How do we process data to predict shopper behavior by computing billions of shopper events?
In this chapter, I will explain how Lucky cart predicts shopper behavior to be able to personalize their shopping journey by computing their events. We saw in the previous section how to ingest millions of shopper events per day. The result in the NoSQL Cloud Database is very efficient to save and read the events as “Hot data”, but not to perform advanced query with complex aggregation or join. That’s why we need a freezing process to transform the Shopper events data from a NoSQL Cloud database into relational business read models.
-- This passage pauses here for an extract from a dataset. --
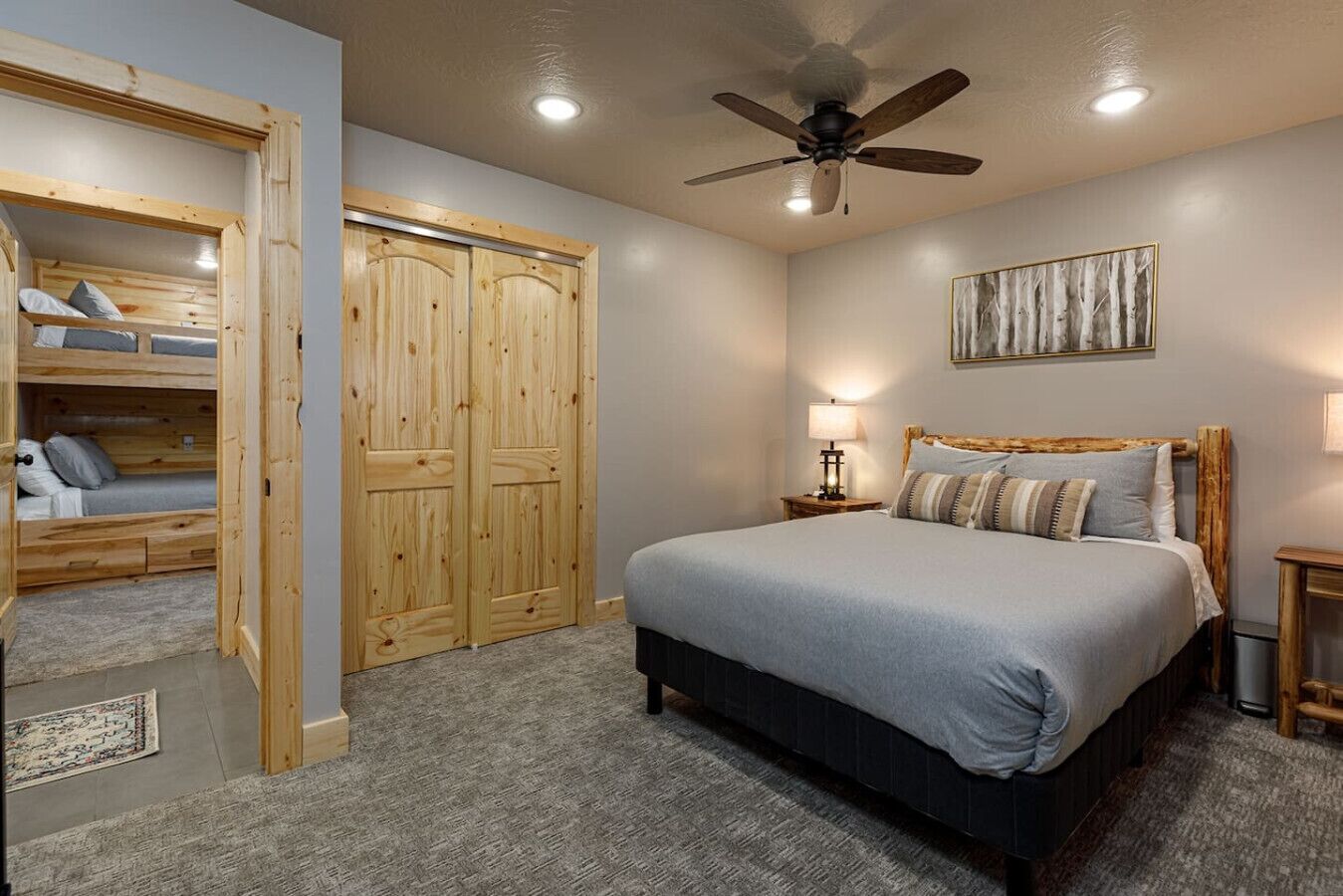 4 bedrooms, desk, WiFi, bed sheets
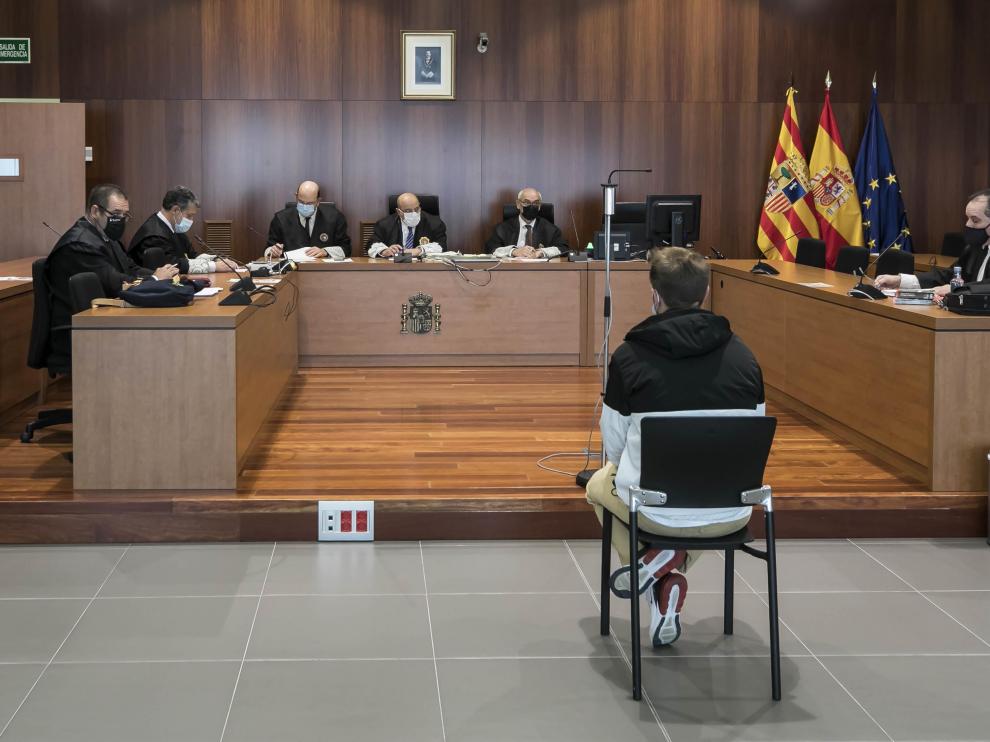El acusado de los abusos sexuales frente al tribunal de la Audiencia de Zaragoza esta mañana.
This new transformed data is stored as “Cold data” into a cloud analytics database such as BigQuery to perform queries from a large volume of data to compute our machine learning algorithms. To perform this transformation, we build a freezer service based on Apache Nifi that subscribes to the event stream and processes asynchronous event transformation into cold data models. For example, a cart validated event will generate a structured single row in the sold product table for each product in its payload. A single Shopper Event can create many read models.
With this cold data structure, it is possible to perform large aggregation to count the number of specific products sold by a specific customer over time. Using these data on a supervised machine learning algorithm and some econometrics rules, Lucky cart computes these data to create a model that predicts each shopper’s behavior.
How do we personalize shopping experience in real time by mixing Hot data and Cold data?
At this point, we saw how we organize the data to enable our algorithms to predict shopper behavior using Cold Data. Now we need to transform these predictions into personalized shopping experiences.
We built another self-made algorithm to predict a shopping journey with different possibilities and how to react according to the shopper choices. We represented this journey with a tree where each branch represents a different Shopper Experience to display to the shopper. We calculate a “Shopping Experience Tree” for every single shopper, with personalized experiences and parameters. Each node has some conditions to move to another depending on predicted potential shopper behavior.
For example, if the shopper adds “pasta” to his basket, we can recommend the right “sauce” depending on his previous purchases or we can trigger a personalized promotion. These shopper behavior trees are pre-computation, to help us process every shopper event in real time. We subscribe to the event stream from the Shopper Event API and apply the current node rules to move this shopper from the profile tree to the right branch to personalize its experiences in real time by mixing cold and hot data.
Using the power of cloud solutions to inject a high volume of data is a very good solution that enables us to focus on building the best shopper experiences for the shoppers instead of working on scalable internal servers. The asynchronous pipeline allows us to compute large amounts of data and have a deep understanding of each shopper’s behaviors to improve his shopping journey. Finally, the pre-compute decision trees allow us to push real-time personnalisation taking into account the current shopper navigation. That’s how at Lucky cart we are able to personalize millions of shopping experiences using Big Data (Hot and Cold data) in real time on the FMCG retailer websites and mobile applications.